Ilse Helbrecht and Peter Dirksmeier
Two questions provided the occasion for this volume: which forms of urbanity can be identified for the cities of the 21st century? And can these new forms of urbanity be planned? With these questions, this volume aims straight at the heart of urban research. Urbanity is a classical term which has inspired the imagination and conceptual vitality of the field ever since the scholarly study of cities began, whether in urban sociology, geography, economy or ethnography. All the great thinkers on cities in the 20th century, whether Robert Park (1915), Walter Benjamin (1928/2001), Jane Jacobs (1961/1992), Lewis Mumford (1961) or Georg Simmel (1903), have asked themselves the question: what differentiates urban life from rural situations? And what exactly is urbanity?
The debate on urbanity reached an odd stasis at the end of the 20th century. While, on the one hand, no new theoretically inspired definition of urbanity was being discussed (Dirksmeier 2009), relatively innovative urban developments in local city building projects could be observed at the same time. New types of cities and neighbourhoods arose. However, they were not – or have not yet – been included in a new terminology of urbanity. That is the state of the question from which the present volume proceeds. We are looking for a new type of urbanity in the 21st century. To do this, we will use particular sectional developments in cities as a lens through which to conceptualise and exemplify the new urbanity.
Our thesis is thus that at the beginning of the 21st century, a new type of urbanity presented itself. And this new form of urbanity can, to some degree, be planned. Its contours can be especially clearly seen in a particular, very recent type of city centre, the new downtown. Thus, we’ll develop the idea of the new downtown in order to outline a few basic characteristics of the new urbanity of the 21st century. The phenomenon of the new downtown – such is our thesis – is a completely new category of urban area in the globalised world. It is distinguished by at least four characteristics. Firstly, it can be planned to some degree and thus owes its development in large part to deliberate planning and design. Secondly, it is defined by designs which aim to stand out from the traditional geographic imagination of the old downtown, whether in Europe, Asia or America. Thirdly, the new downtown intends to distinguish itself as a representative of a new performative urbanity, and to move existing forms of urbanity in the old downtown forward. And that brings us to the fourth decisive force behind the new urbanity of the new downtown. It is based on a new form of centralisation. This emerging centrality of the new downtown properly belongs to the global conditions of contemporary society. Contemporary society must be described more precisely than as just a world society. It is also the global character of economics, politics and lifestyles, which, with the new downtowns, creates a unique place in the cities for a new form of centrality. A world society opens up a new framework of reference for processes of centre formation which goes beyond the concepts of globalisation and the global city (Sassen 1991). From the perspective of the world society, a new centrality is not just about the control capacity of world markets through transformation of the centre, as Saskia Sassen has aptly established. The world society on the horizon also means a new centrality and urbanity, which can expand economically fixed perspectives and also proceed on the basis of communication of social systems across national borders, from the public realm to world literature to the lifestyle of global milieus.

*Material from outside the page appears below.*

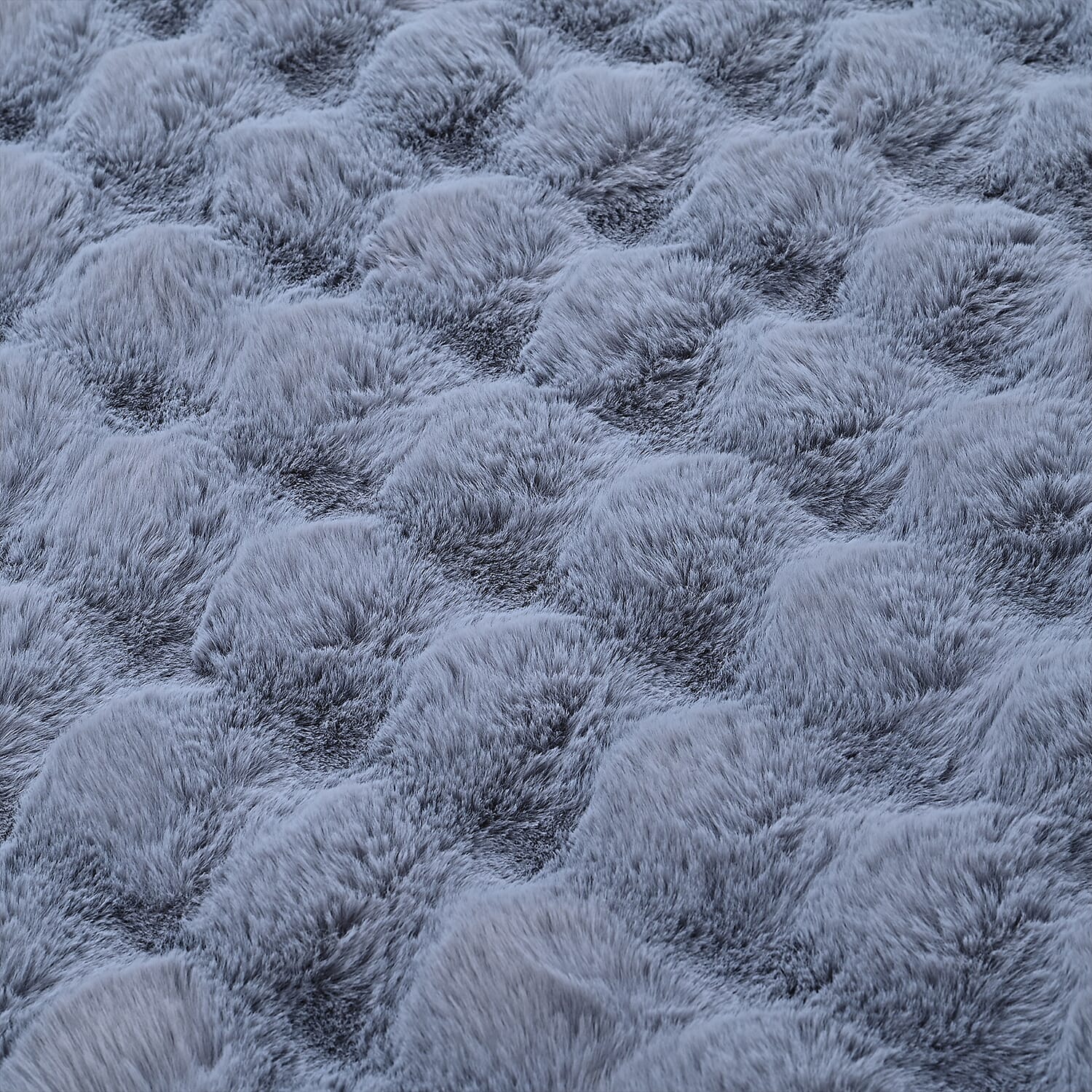 Homesmart Super Soft Sculptured Faux Fur Blanket (180 x 150cm) - Blue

In this volume, we and the other authors investigate this new quality of inner-urban development with regard to the conditions of a world society. In the following introduction, we attempt to outline a few basic features of this new development. What characterises the new downtown as a new type of urban space? How does it arise? How does it work? And what social consequences and conflicts are inherent to it? In the individual chapters that follow, specific aspects of this new development in city centres will be looked at in more depth.

Why New Downtowns?

The city centre is no longer necessarily in high demand. Instead, the value of the city centre as such can only be proved within a specific social structure. In the ages of feudalism and industrialisation, city centres were traditionally the place where land had the highest price and where the most buildings were constructed (Alonso 1983). This high demand and the social significance of the city that came with it both increased and decreased in recent years. In the wake of globalisation and the metropolisation of urban development, middle classes and elites rediscovered the desirability of proximity to the city centre (Butler and Robson 2003; Ley 1991, 1997; Williams and Smith 2007). This led to an urban renaissance which initially applied functionally and spatially only to the traditional city centres and the adjoining neighbourhoods. Since the 1960s, the mass phenomenon of gentrification (Glass 1964) and the return of the city centres (Helbrecht 1996; Lees et al. 2008; Ley 1980) has been under discussion, initially as a niche phenomenon, and then by the 1990s at the latest as the mainstream of urban development in both Europe and North America as well as Australia. On the other hand, the status and functionality of the centres have again changed remarkably in the wake of globalisation and the development of the world society. Through processes of disembedding (Giddens 1996: 33), globalisation leads to a loss in the significance of old centres due to decontextualisation.
The phenomenon of the new downtowns is situated precisely at the intersection of two movements: the increased significance of old centres due to gentrification with the formation of a new centralism, and a changed urbanity under the conditions of a globalised contemporary society or world society.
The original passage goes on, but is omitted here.